Enflasyon hedefi mi, büyüme mi?

Merkez Bankası’nın politikalarına ilişkin bir diğer eleştiri noktası ise, Merkez Bankası’nın asıl görevi olan enflasyonu düşürme hedefinden çok, hükümetin 2020 için öngördüğü yüzde 5’lik büyümeye odaklanmış olması. DW Türkçe’ye konuşan uluslararası finans uzmanı Dr. M. Murat Kubilay’a göre, Merkez Bankası büyümeye katkı sunmak için faiz indirimi politikasını devam ettirecek. 

Dr. Murat Kubilay
Dr. Murat KubilayFotoğraf: privat

Art arda 3 kez yapılan faiz indirimlerine rağmen hem hane halkının hem de şirketlerin ekonomiye olan güveninde henüz kayda değer bir iyileşme olmadığını belirten Kubilay, "Bunun en önemli göstergelerinden biri de döviz mevduat hesaplarının yüzde 50’yi geçmiş olması. Demek ki toplum ve iş dünyası henüz tam olarak bir iyileşme başladığına inanmıyor" şeklinde konuşuyor. 

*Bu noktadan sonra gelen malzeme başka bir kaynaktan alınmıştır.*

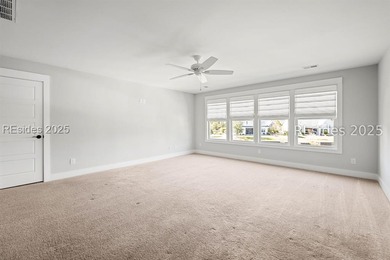 Lakefront meets Lowcountry at 312 Hampton Lake Drive. Here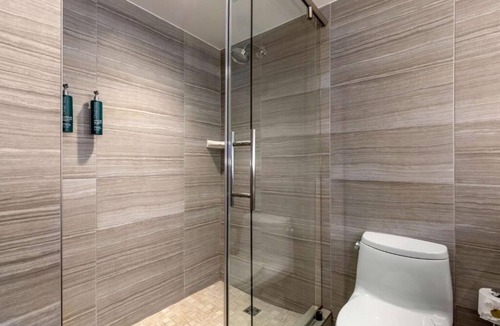 West End Hotel | Three 1-Bedroom King Suites | Free Breakfast, Kitchenettes & Hot Tub Access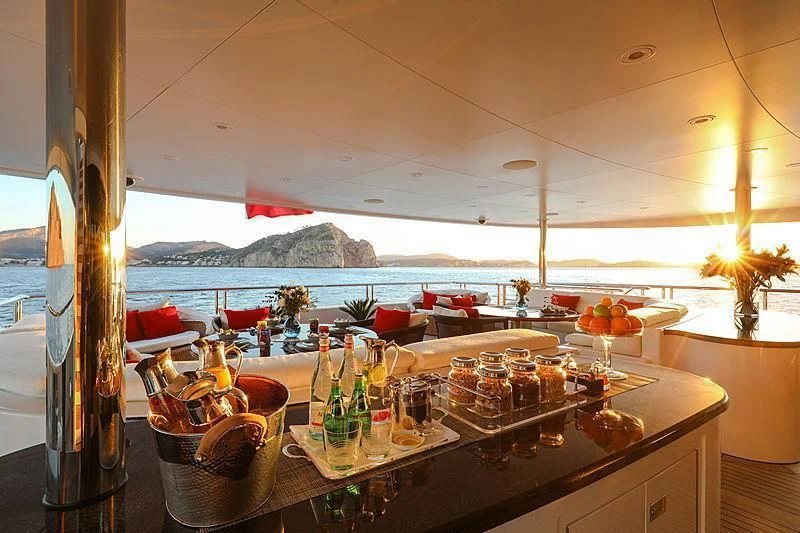 a table with glasses and bottles aboard EMINENCE Yacht for Sale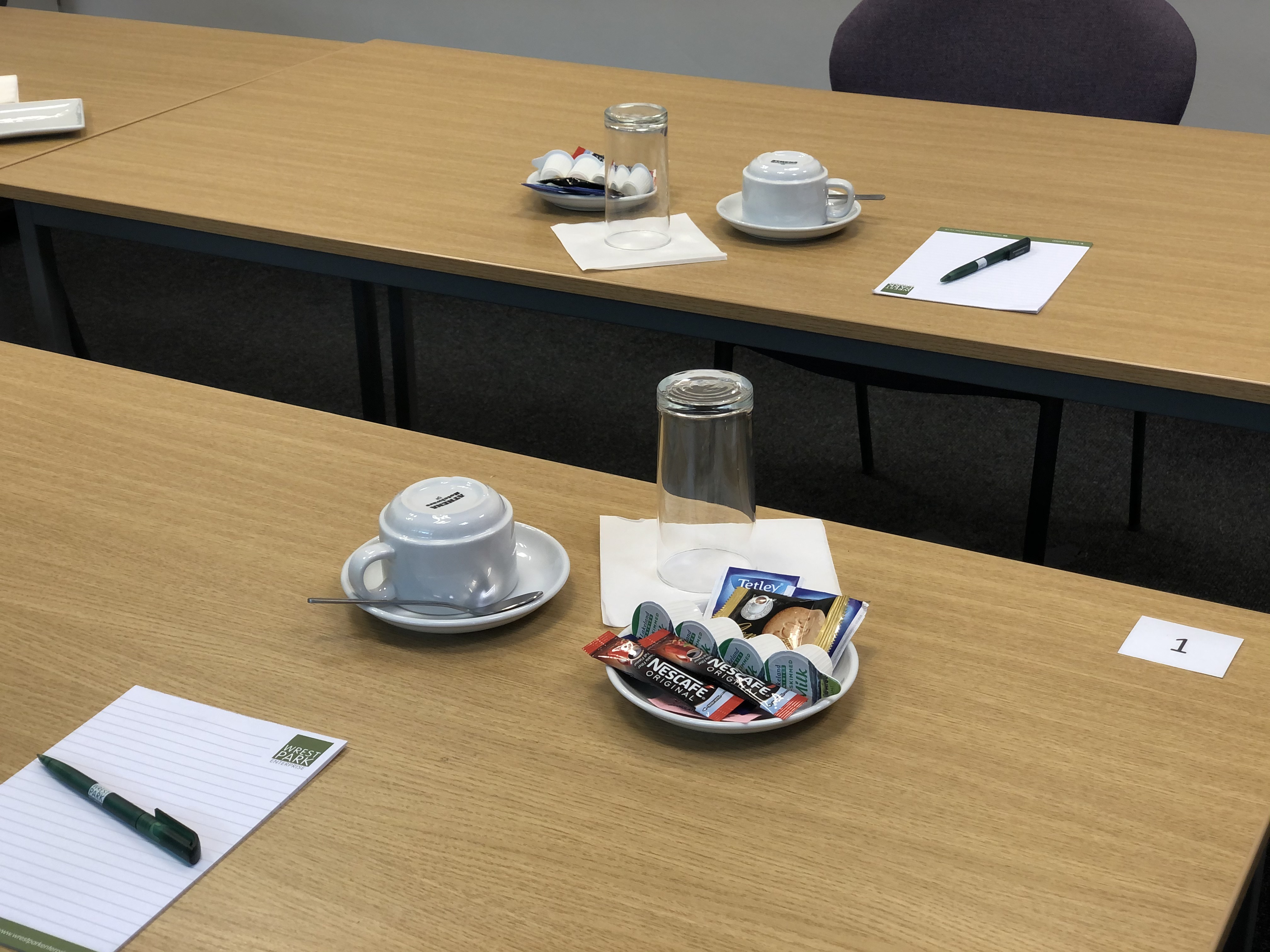 Boardroom setup at Capability House with tables, notepads, and coffee for meetings.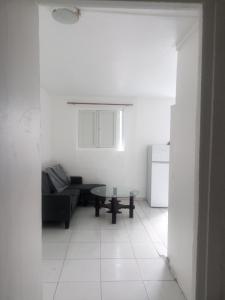 a living room with a couch and a table at dragon des iles in Pointe-à-Pitre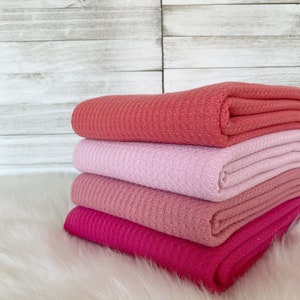 May include: Four waffle weave fabric swatches in shades of pink, coral, and fuchsia. The fabric is folded and stacked on a white faux fur surface.
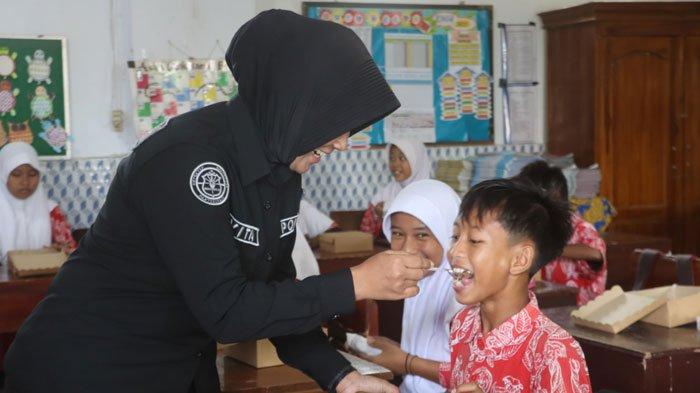 Anggota Polres Probolinggo saat menjalankan program Makan Bergizi Gratis atau MBG.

Buna karşın Merkez Bankası açıklamasında geleceğe dair beklentilerdeki "iyimser" tona dikkat çeken Dr. Kubilay, şunları söylüyor:

"Önümüzdeki yıl için piyasalarda bir likidite bolluğu olacağı ve Türkiye’nin de bundan faydalanacağı beklentisi var. Pek ya böyle olmazsa? İşte o zaman Merkez Bankası’nın faiz politikasındaki birinci amacı olan yönlendirme, ters köşede kalmış olacak. Bunun da bize finansal istikrarsızlık olarak geri dönme ihtimali ortaya çıkacak."